China’s central government on Tuesday condemned Hong Kong protesters who smashed their way into the legislative chambers a day earlier, while demonstrators used social media to illustrate their fears of dangerous confrontations with police.
Beijing officials said they supported the semiautonomous territory’s government and its police, including an investigation of the protest and the treatment of some participants as criminals for illegal acts of violence.
Pro-Beijing lawmakers in Hong Kong said the damage to the legislative chamber by those who charged the building was stunning.
“No slogan, no demand can justify this violence,” said lawmaker Regina Ip.
Hundreds of thousands had marched peacefully across the city on Monday — the 22nd anniversary of the former British colony’s handover to Chinese control — in protest of an extradition bill that would allow Hong Kong to send suspected criminals to mainland China for trial. But hundreds of protesters in another part of the city smashed their way into the legislative building and vandalized its central chamber.
Pro-democracy lawmakers outside the legislative building said Tuesday that they didn’t condone vandalism, but also appealed to the public to try to understand the desperation felt by some protesters.
Some observers sympathized with protesters, especially after seeing such images as that of protesters dragging their comrades out of the legislative chamber in apparent attempts to protect them from potential harm.
Three protesters have died in the last two weeks after leaving suicide notes in support of the movement opposing the extradition bill.

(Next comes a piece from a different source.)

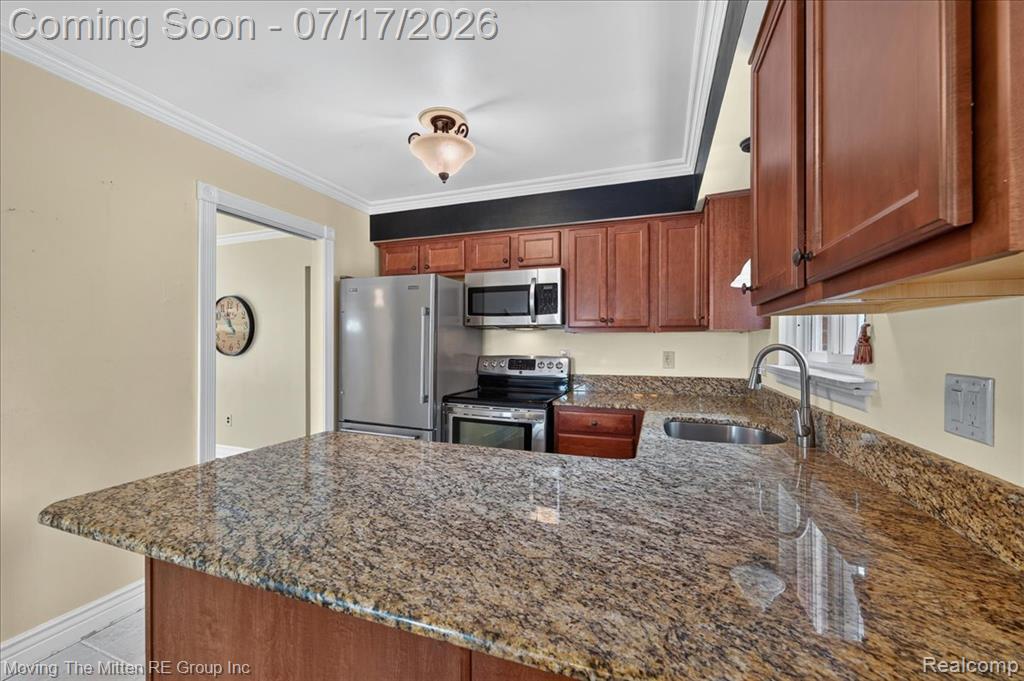 648 S Dowling Street, Westland, MI 48186 — Photo 11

Legislator Fernando Cheung said he had tried to stop the protesters from risking criminal charges, imprisonment and possible death.
“They told me, ‘Yes, we know. We are willing to sacrifice,’ ” Cheung said.
No central leadership for Hong Kong’s protests also means that small groups can use tactics with which others disagree.
But protesters have also pledged to support one another despite disagreement over tactics.
Rachael, 24, a protester who asked that her last name not be published for fear of arrest, said she went to the legislative building Monday to support those charging in.
For many, the extradition bill has become a symbol for a deeper, growing sense of helplessness in a political system that prioritizes Beijing’s wishes above citizens’ voices.
Anson Chan, a former chief secretary of Hong Kong, said Hong Kong Chief Executive Carrie Lam and the government should take responsibility for the “increasing sense of anger, futility and frustration.”